Im Juli hatten sie schon durchgesetzt, dass der Gesetzesentwurf zur Änderung der Abtreibungsgesetzgebung nach der Sommerpause prioritär behandelt wird. Das Thema steht denn auch am Mittwoch auf Platz eins der Agenda des Justizausschusses. Und eine Mehrheit sei möglich, sagt Sarah Schlitz: die OpenVLD sei dafür, die MR "mehr oder weniger" auch "und auch einige Mitglieder von Les Engagés" unterstützten den Vorschlag.
Es ist allerdings längst nicht das erste Mal, dass man zu Beginn einer Legislaturperiode einen solchen Entwurf ins Parlament einbringt. Funktioniert hat es nie. Und ob die Rechnung der Reform-Befürworter diesmal aufgeht, ist fraglich.

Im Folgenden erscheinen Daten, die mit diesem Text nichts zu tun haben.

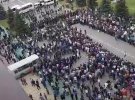 В столице Ингушетии Магасе многотысячный митинг. Люди пешком сошлись, поскольку дороги в город перекрыли правоохранители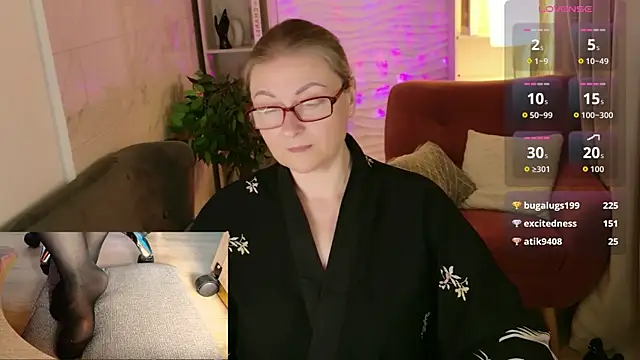 Alexandra_Kind live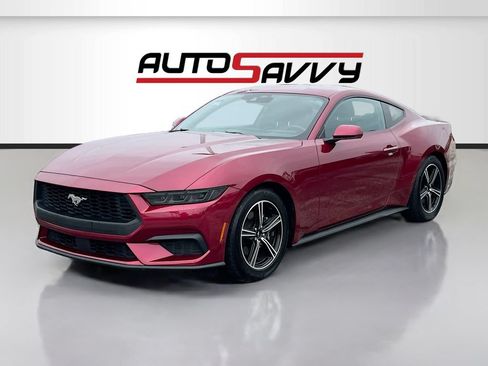 Used 2025 Ford Mustang Coupe RWD image 3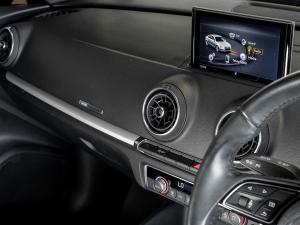 Audi A3 sedan 30TFSI - Image 12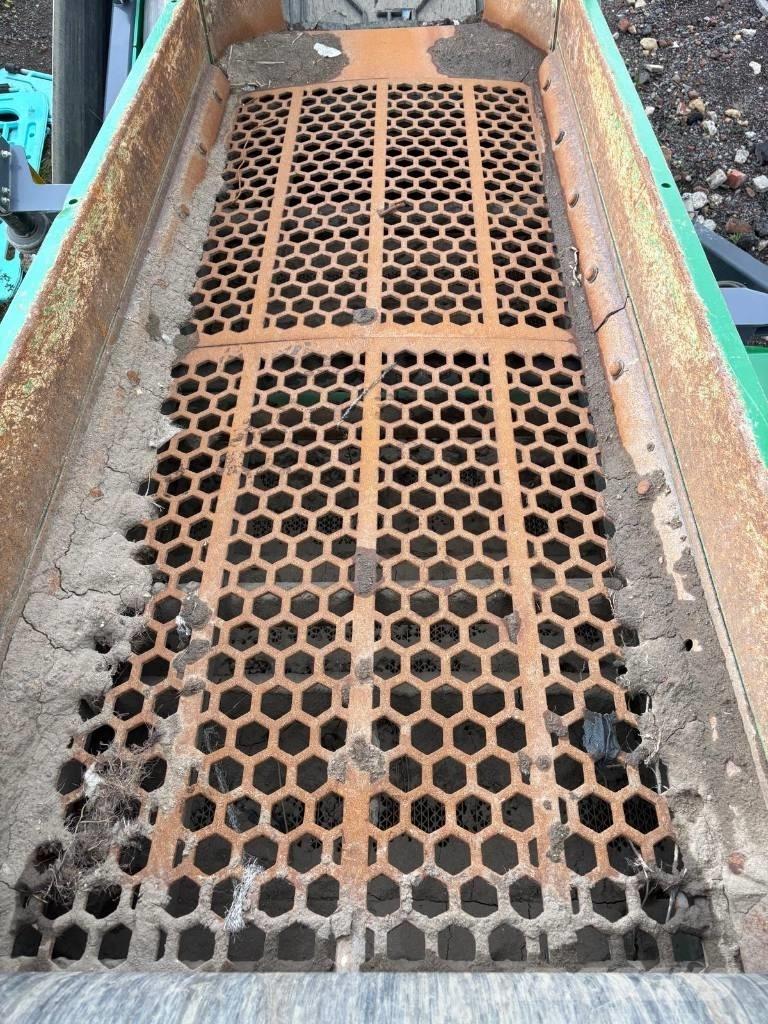McCloskey R 70 أجهزة فحص متنقلة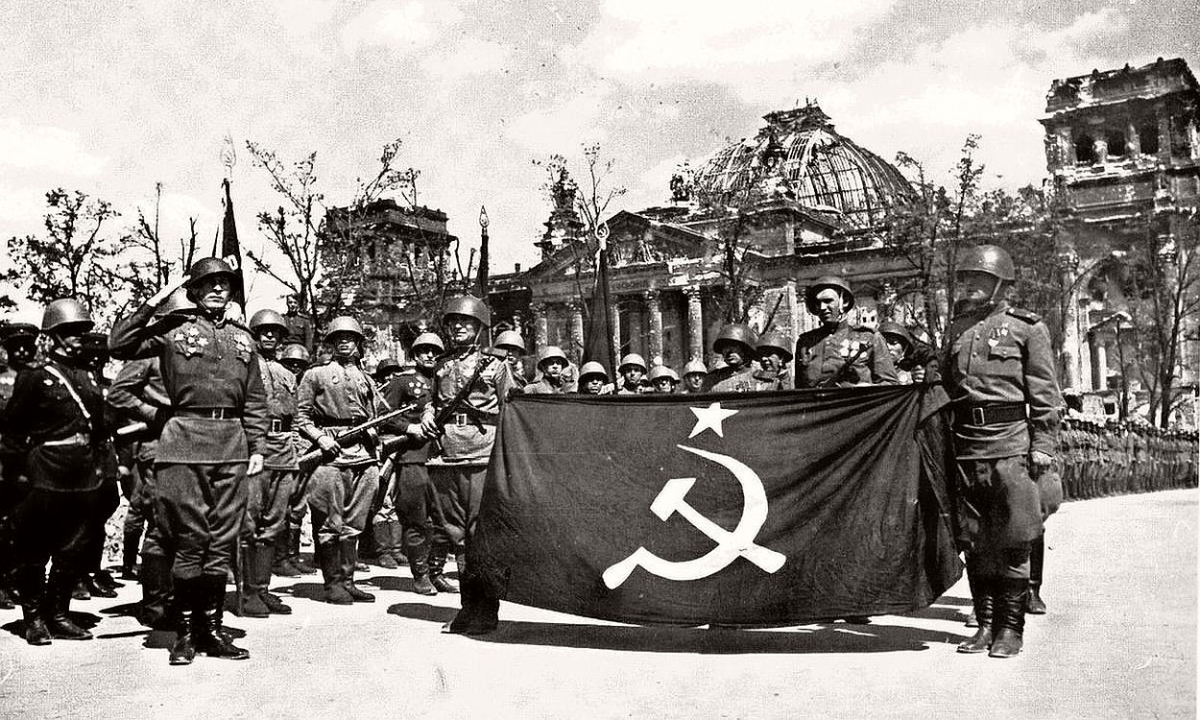 Công phá sào huyệt phát xít Đức, bao nhiêu chiến sĩ Hồng quân Liên Xô hy sinh? - Ảnh 1.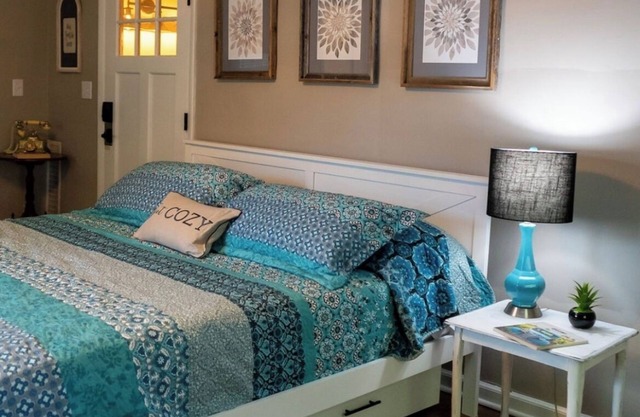 DOWNTOWN Lancaster Studio Apartment! “Modern Meets Vintage.”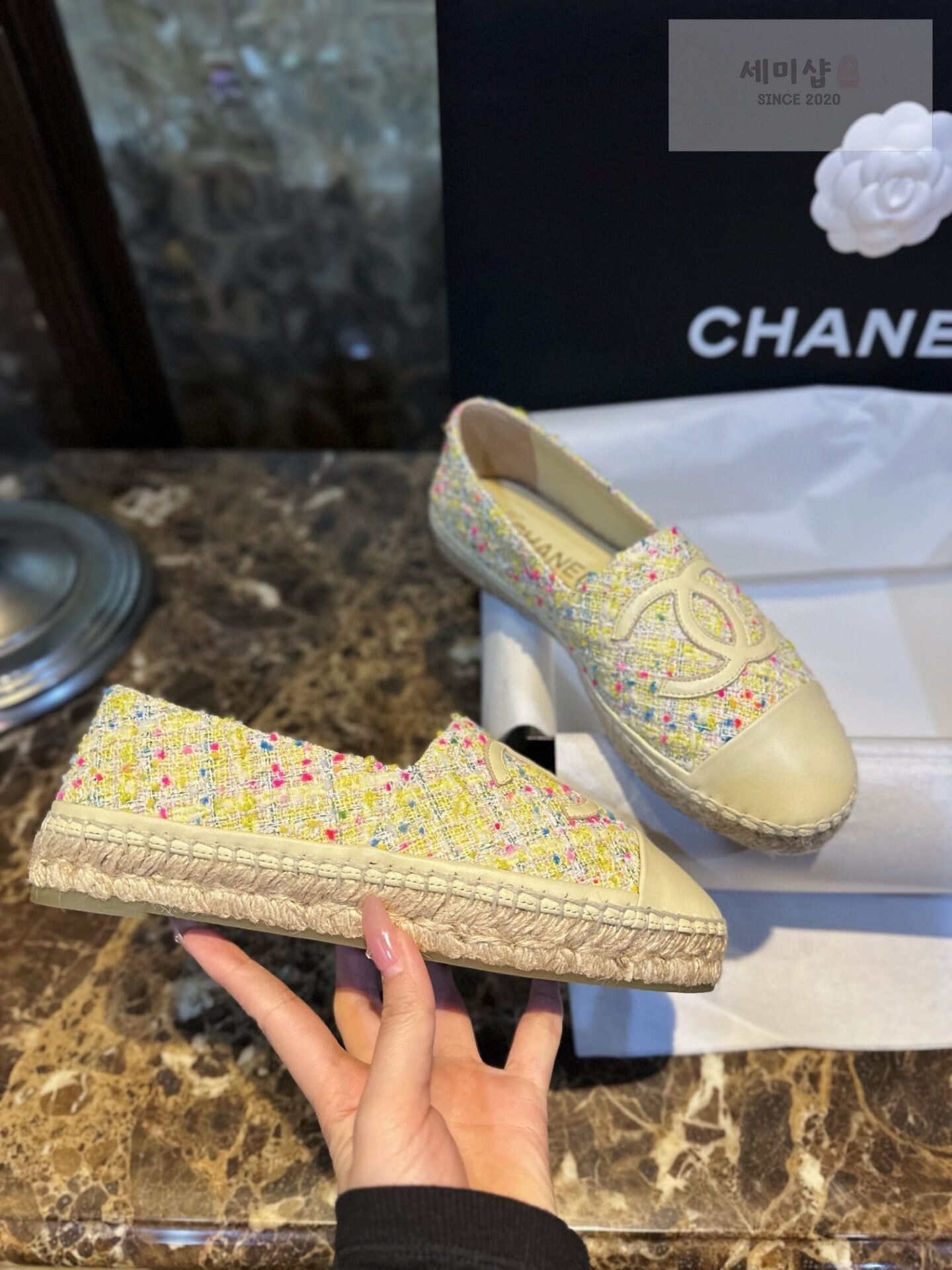 C H A N E L 샤넬 트위드 멀티컬러 에스파듀 “35SIZE – 41SIZE” 신발 5번 이미지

Wie die Zeitung De Standaard berichtet, gibt es derzeit doch so eine Art "virtuelle Koalition": Die Arizona-Parteien haben demnach abgesprochen, dass im Parlament keine Entscheidungen verabschiedet werden, die spürbare Auswirkungen auf den Haushalt haben könnten. Ob diese Vereinbarung auch für ethische Themen gilt, ist unklar. Doch selbst, wenn dem nicht so wäre: Jede Fraktion verfügt über ausreichend Möglichkeiten, um eine Abstimmung so lange zu verzögern, bis eine neue Regierung steht.
Die Opposition habe ohnehin nur die Absicht, die Arizona-Koalition zu spalten, hört man aus Kreisen der beteiligten Parteien. Aber das, so hört man, werde nicht gelingen.